◆ **DATA PROVIDED**
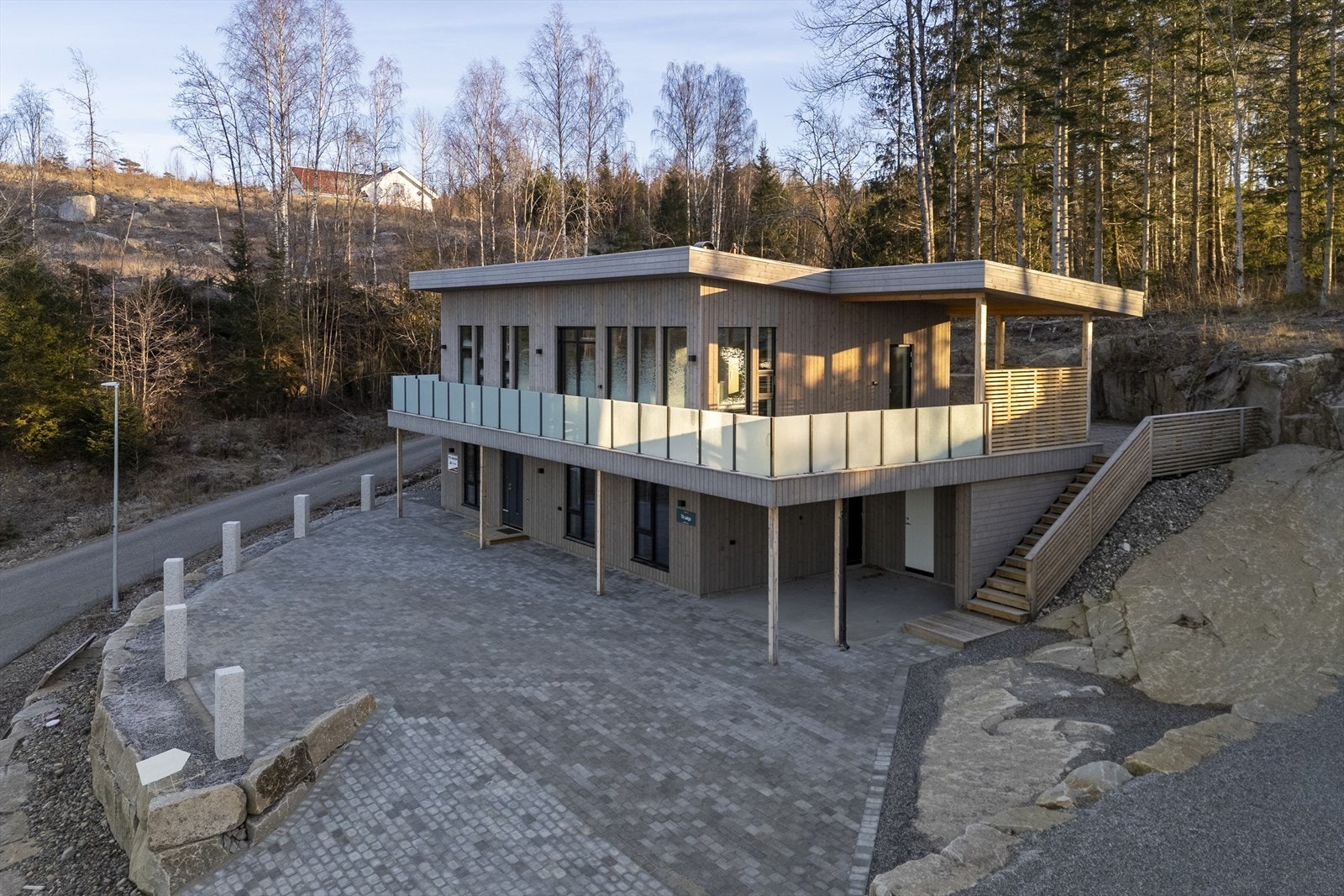 Tomten har en solrik beliggenhet nesten innerst på boligfeltet med fin, vestvendt utsikt mot horisonten.
Utearealet er pent opparbeidet med steinsatt innkjøring og gårdsplass og med flotte støttemurer i store
granittblokker fra området Galleribilde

◆ **WHAT IS NEEDED**
Everything above except the pictures needs to be reproduced exactly.

◆ **THE COMPLETED TASK**
 Tomten har en solrik beliggenhet nesten innerst på boligfeltet med fin, vestvendt utsikt mot horisonten.
Utearealet er pent opparbeidet med steinsatt innkjøring og gårdsplass og med flotte støttemurer i store
granittblokker fra området Galleribilde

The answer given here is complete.